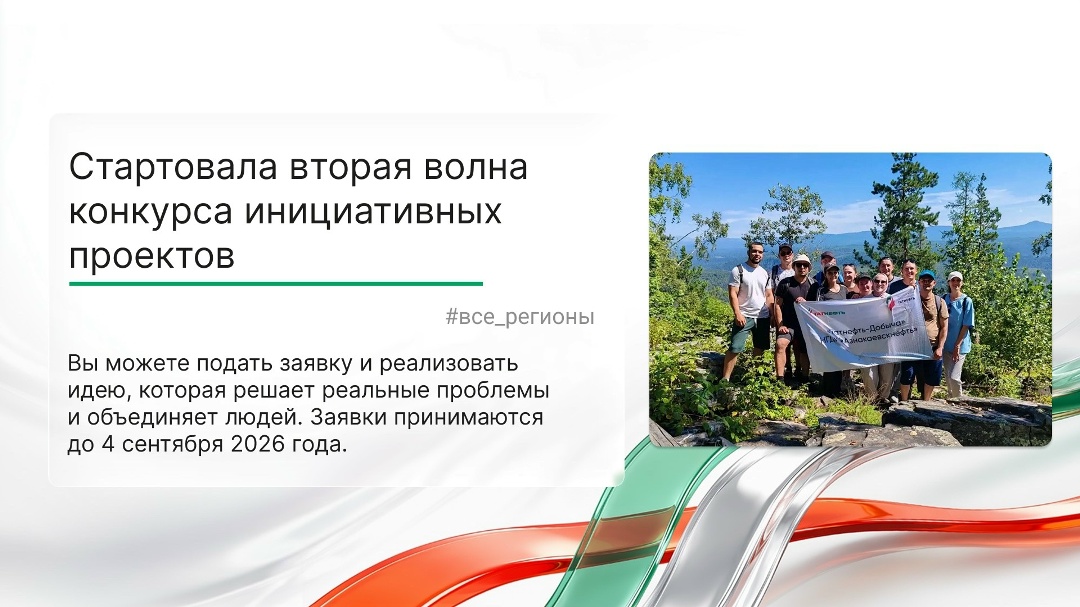 Татнефть — это большая команда, которая работает в разных городах, регионах и даже странах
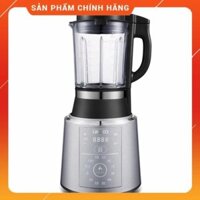 MÁY LÀM SỮA HẠT UKOEO PR5 HÀNG CHÍNH HÃNGBẢN TIẾNG TRUNG QUỐC. CÓ HDSD TIẾNG VIỆT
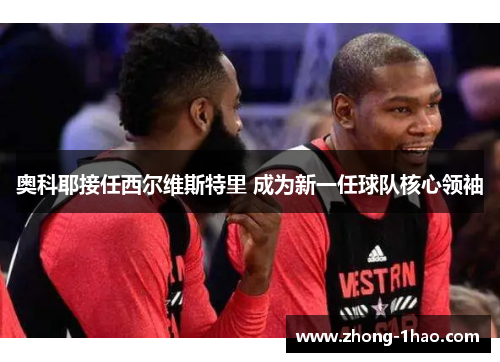 奥科耶接任西尔维斯特里 成为新一任球队核心领袖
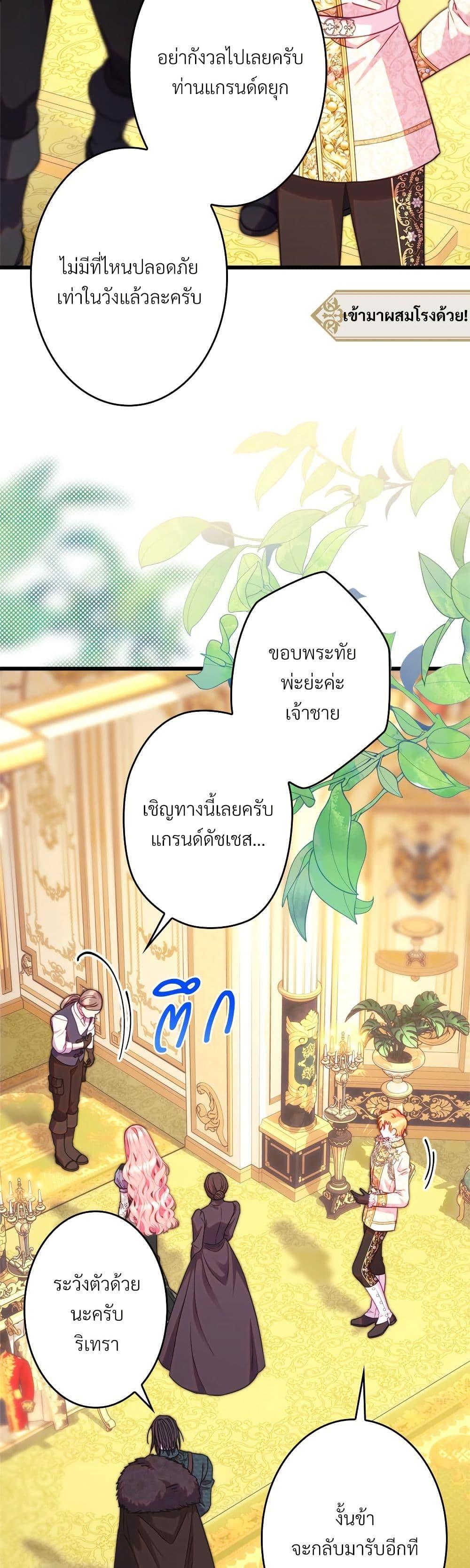 Manga-lc-com อ่านมังงะ อ่านการ์ตูน ออนไลน์ ฟรี Another Typical Fantasy Romance ตอนที่ 1 2 3 4 5 6 7 8 9 10 11 12 13 14 ฟรี ไม่มีโฆษณา Manga-lc - อ่าน มังงะ อ่าน การ์ตูน ออนไลน์ อ่านมังงะ ฟรี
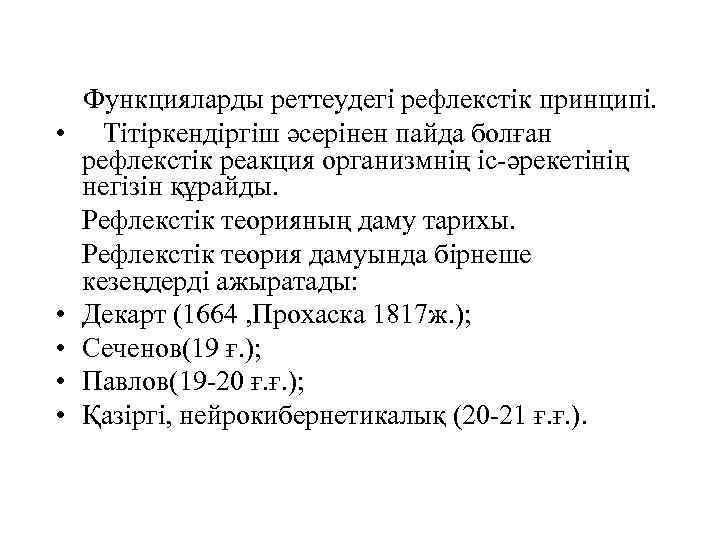  • • • Функцияларды реттеудегі рефлекстік принципі. Тітіркендіргіш әсерінен пайда болған рефлекстік реакция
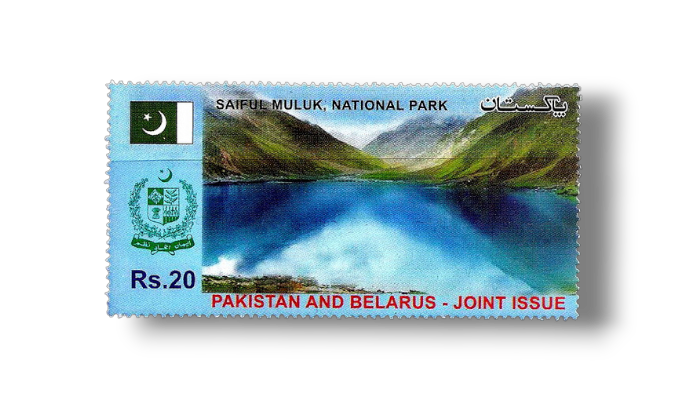 2016 PK1559 Saiful Muluk National Park
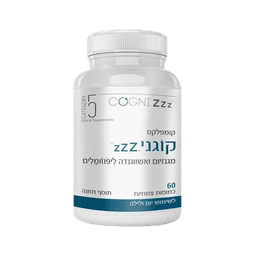 קוגני זי זי זי | קומפלקס | מגנזיום ואשווגנדה ליפוזומלים | מכיל 60 כמוסות צמחיות | תוסף תזונה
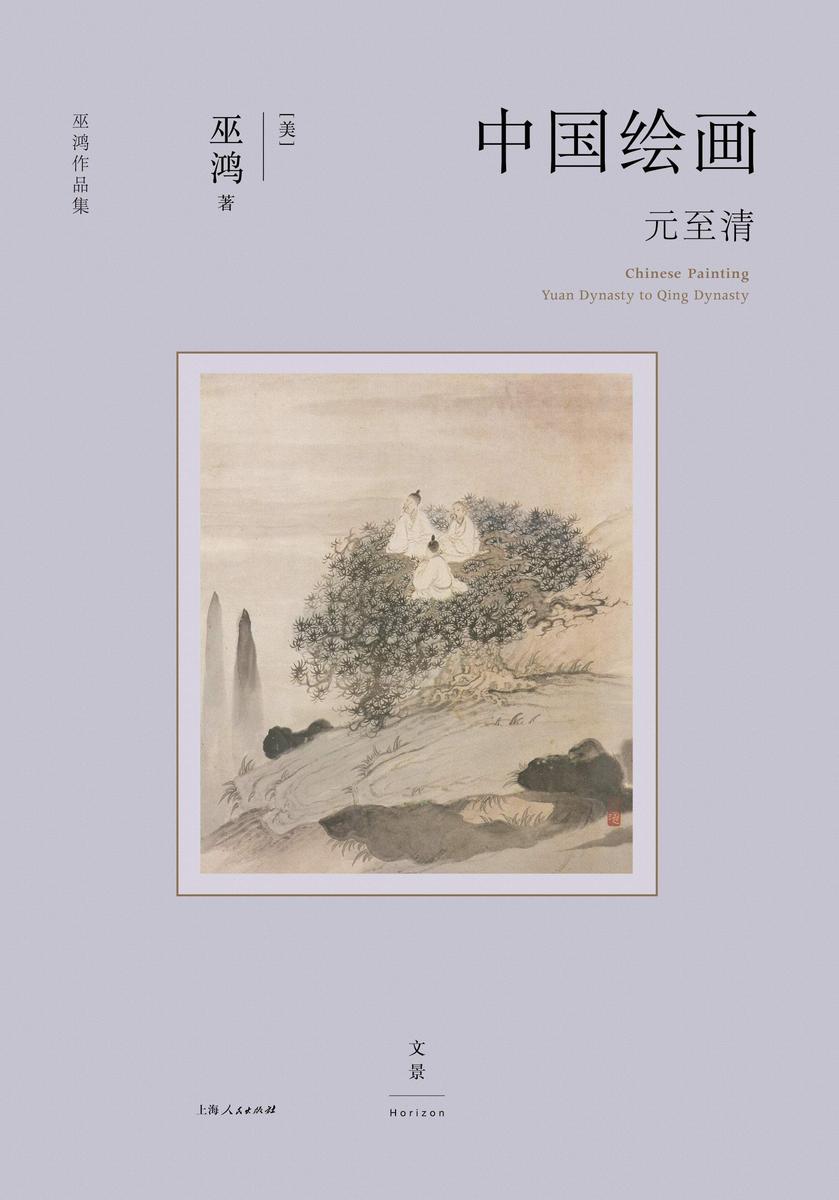 中国绘画:元至清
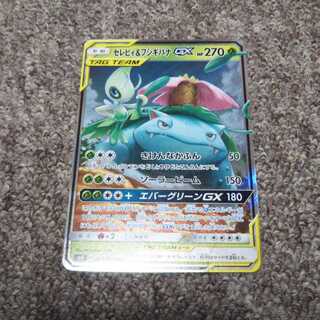 セレビィ&フシギバナ GX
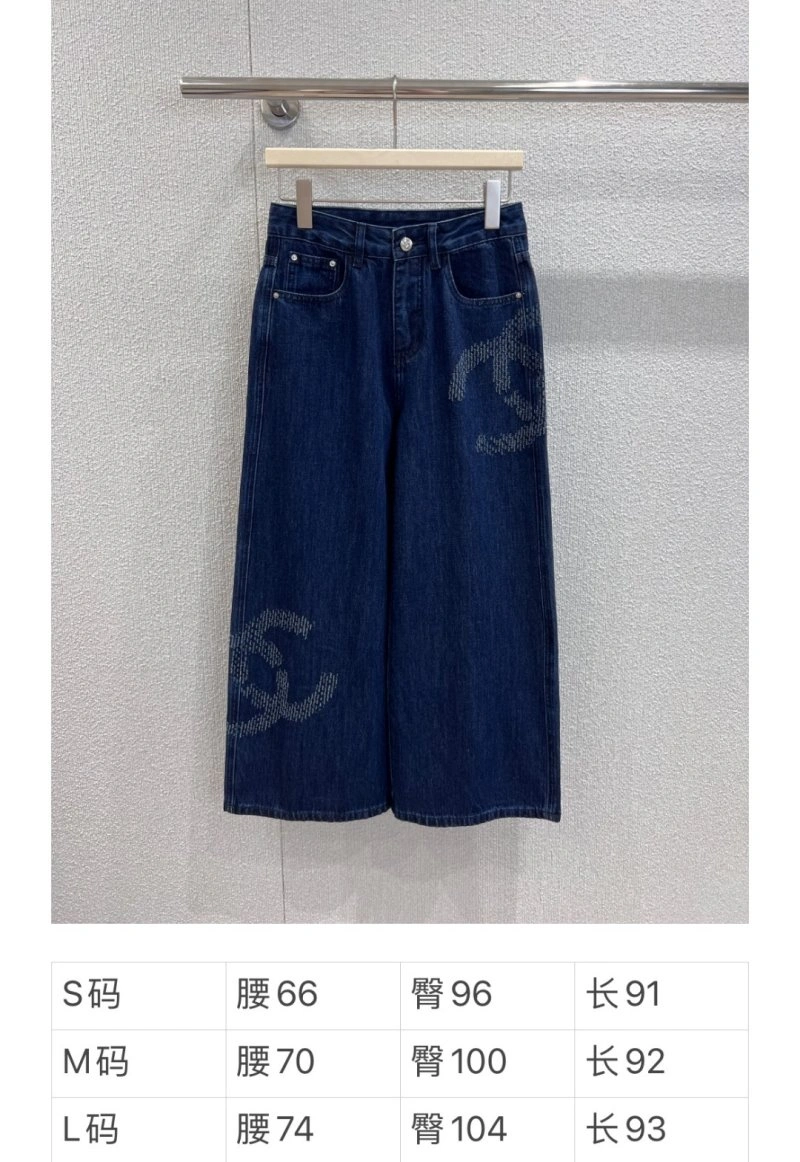 Chanel Long Pants Premium 110585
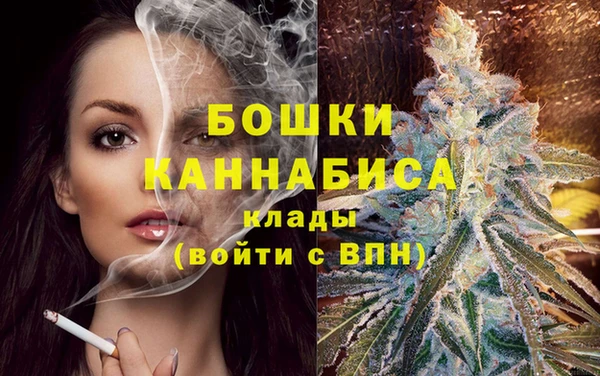 MDMA Краснотурьинск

+ + + + +

| Required action |
Restate the listing word for word. Pictures do not belong in the copy.

| Exercise output |
 Татнефть — это большая команда, которая работает в разных городах, регионах и даже странах
 MÁY LÀM SỮA HẠT UKOEO PR5 HÀNG CHÍNH HÃNGBẢN TIẾNG TRUNG QUỐC. CÓ HDSD TIẾNG VIỆT
 奥科耶接任西尔维斯特里 成为新一任球队核心领袖
 Manga-lc-com อ่านมังงะ อ่านการ์ตูน ออนไลน์ ฟรี Another Typical Fantasy Romance ตอนที่ 1 2 3 4 5 6 7 8 9 10 11 12 13 14 ฟรี ไม่มีโฆษณา Manga-lc - อ่าน มังงะ อ่าน การ์ตูน ออนไลน์ อ่านมังงะ ฟรี
  • • • Функцияларды реттеудегі рефлекстік принципі. Тітіркендіргіш әсерінен пайда болған рефлекстік реакция
 2016 PK1559 Saiful Muluk National Park
 קוגני זי זי זי | קומפלקס | מגנזיום ואשווגנדה ליפוזומלים | מכיל 60 כמוסות צמחיות | תוסף תזונה
 中国绘画:元至清
 セレビィ&フシギバナ GX
 Chanel Long Pants Premium 110585
 MDMA Краснотурьинск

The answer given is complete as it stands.